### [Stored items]
Segment Open

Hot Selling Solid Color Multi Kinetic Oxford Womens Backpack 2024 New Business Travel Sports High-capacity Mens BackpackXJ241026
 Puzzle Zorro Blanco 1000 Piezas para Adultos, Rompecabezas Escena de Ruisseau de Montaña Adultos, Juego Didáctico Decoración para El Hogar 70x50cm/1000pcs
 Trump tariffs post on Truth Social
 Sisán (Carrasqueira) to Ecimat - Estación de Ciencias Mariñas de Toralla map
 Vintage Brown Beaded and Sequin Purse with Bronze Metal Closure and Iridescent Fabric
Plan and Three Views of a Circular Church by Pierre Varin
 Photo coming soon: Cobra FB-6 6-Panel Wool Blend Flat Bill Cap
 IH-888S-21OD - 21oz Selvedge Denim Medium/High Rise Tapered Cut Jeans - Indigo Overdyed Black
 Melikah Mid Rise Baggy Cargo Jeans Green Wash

Segment Closed

### [Problem requirements]
The task calls for each record to be returned verbatim.

### [Final answer]
Hot Selling Solid Color Multi Kinetic Oxford Womens Backpack 2024 New Business Travel Sports High-capacity Mens BackpackXJ241026
 Puzzle Zorro Blanco 1000 Piezas para Adultos, Rompecabezas Escena de Ruisseau de Montaña Adultos, Juego Didáctico Decoración para El Hogar 70x50cm/1000pcs
 Trump tariffs post on Truth Social
 Sisán (Carrasqueira) to Ecimat - Estación de Ciencias Mariñas de Toralla map
 Vintage Brown Beaded and Sequin Purse with Bronze Metal Closure and Iridescent Fabric
Plan and Three Views of a Circular Church by Pierre Varin
 Photo coming soon: Cobra FB-6 6-Panel Wool Blend Flat Bill Cap
 IH-888S-21OD - 21oz Selvedge Denim Medium/High Rise Tapered Cut Jeans - Indigo Overdyed Black
 Melikah Mid Rise Baggy Cargo Jeans Green Wash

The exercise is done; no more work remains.